Tempo di Lettura: 3 min
Udine, Italia-Israele e i professionisti dell’indignazione

«Rinviare la partita Italia-Israele sarebbe opportuno». Così il sindaco di Udine, Alberto Felice De Toni, ha acceso un dibattito surreale: davvero lo sport deve piegarsi alla propaganda, fino a trasformarsi in tribunale politico? Il match del 14 ottobre non è solo una sfida calcistica, ma un banco di prova di civiltà. E chi ne chiede la cancellazione tradisce lo spirito stesso dello sport: unire laddove la guerra divide.

Italia-Israele non si dovrebbe giocare? È una considerazione del sindaco di Udine, che rispetto. «Io sono un uomo di pace e mi auguro che in tutto il mondo ci sia la pace. Fa male al cuore vedere civili e bambini che ci lasciano la vita, dopo però noi facciamo un altro mestiere». Queste le parole del ct della Nazionale Rino Gattuso, nella sua prima conferenza stampa dal ritiro di Coverciano in vista degli impegni contro Estonia e Israele validi per la qualificazione al Mondiale 2026. «Israele è nel nostro girone, ci dobbiamo giocare», ha aggiunto.

Il Viminale ha già chiarito che «la partita si può giocare» e non esistono rischi per l’ordine pubblico. Ma per i professionisti dell’indignazione non basta mai. Così, ecco spuntare la nota del deputato Avs e co-portavoce di Europa Verde, Angelo Bonelli. Un testo che sembra uscito da un manuale di agit-prop, condito da numeri a casaccio e scenari apocalittici.

«La decisione del Viminale di confermare lo svolgimento della partita di calcio tra Italia e Israele, in programma il 14 ottobre a Udine, rappresenta una scelta gravissima e politicamente irresponsabile», attacca Bonelli. Secondo lui Israele starebbe compiendo «una delle più imponenti deportazioni della storia dell’umanità» e l’Italia, ospitando la partita, «legittimerebbe» questo presunto genocidio.
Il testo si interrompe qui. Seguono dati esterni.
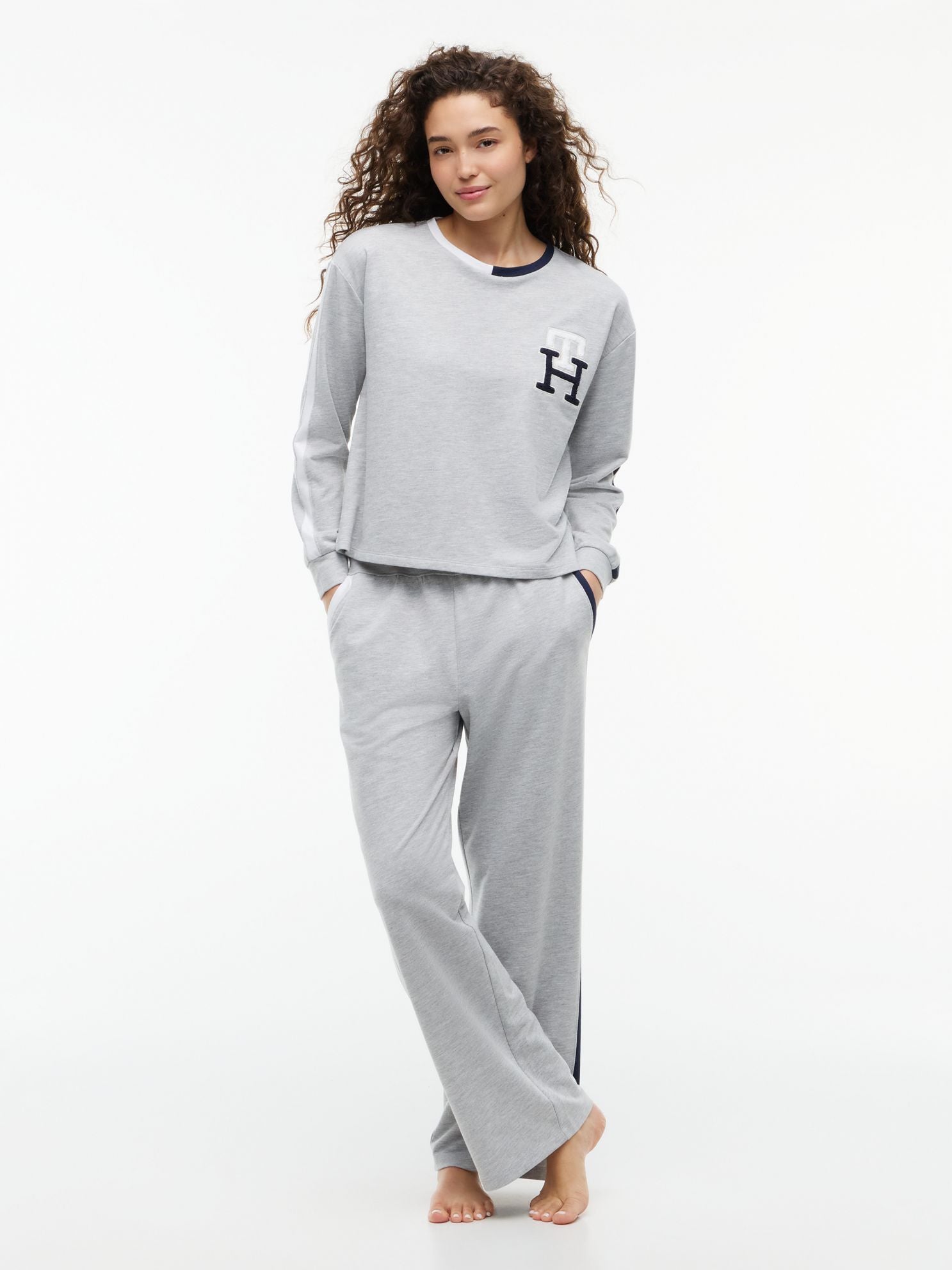 Tommy Hilfiger Cropped Pullover & Pant Sleep Set
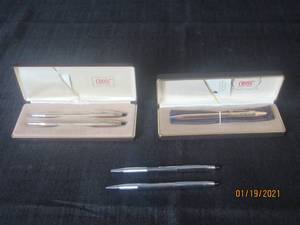 lot 196 image: 2 CROSS PEN SETSAND  1 CUSTOM CROSS PEN SAYS 14K FILLED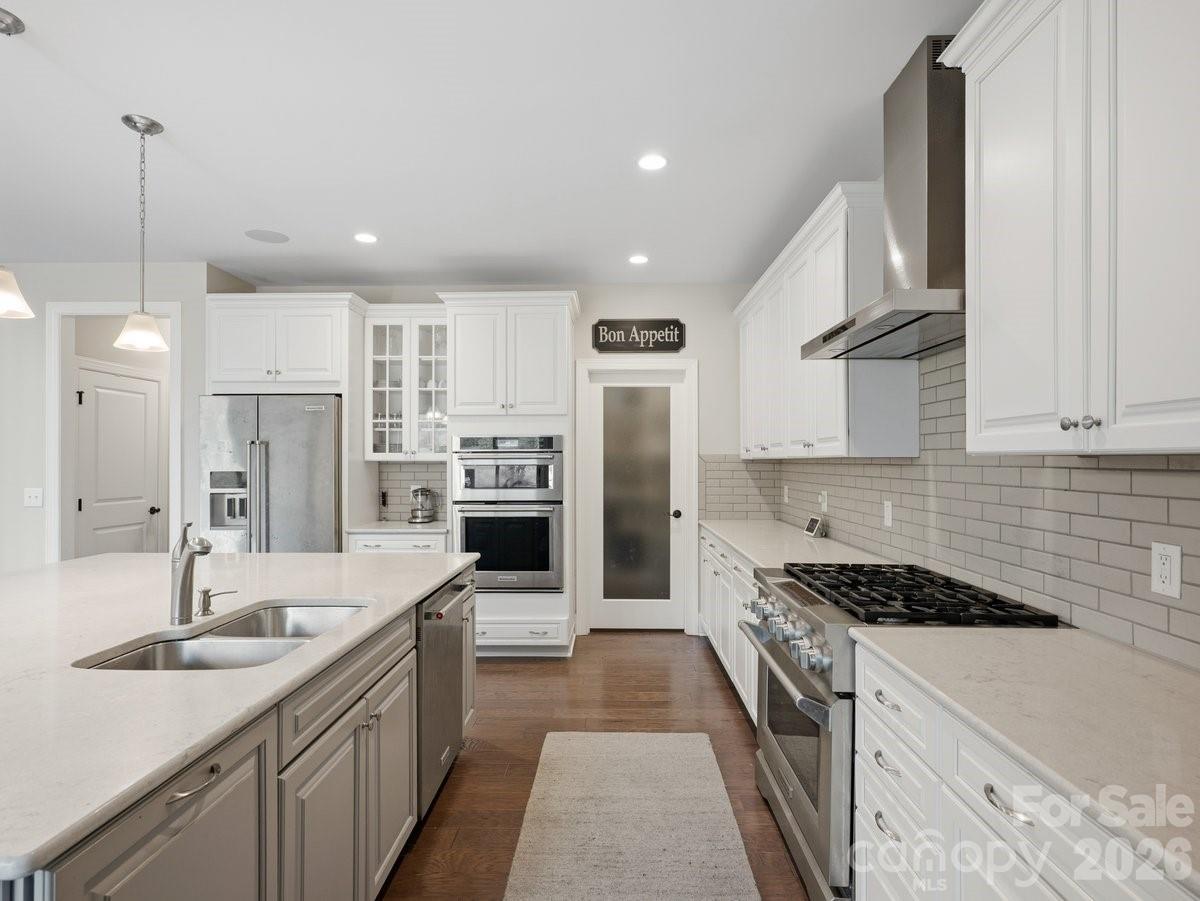 1015 Golden Bell Drive — Waxhaw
Poi la litania di cifre, senza fonti verificabili: «60.000 civili palestinesi uccisi, tra cui 20.000 bambini». Infine il parallelo col Sudafrica dell’apartheid, come se uno stadio di calcio in Friuli fosse la nuova Robben Island.

Si arriva così all’assurdo: mentre l’Uefa e la Figc preparano iniziative a favore delle vittime civili – palestinesi e israeliane – il deputato ecologista trasforma un incontro sportivo in una seduta del Tribunale di Norimberga. Ma non contro Hamas, autore del massacro del 7 ottobre: contro Israele, colpevole di difendere i propri cittadini.

La verità è semplice: chi invoca cancellazioni, rinvii, scomuniche e anatemi non difende la pace, ma la propaganda. E quando la politica cerca di piegare il pallone alle sue crociate ideologiche, non colpisce Israele, ma lo sport stesso.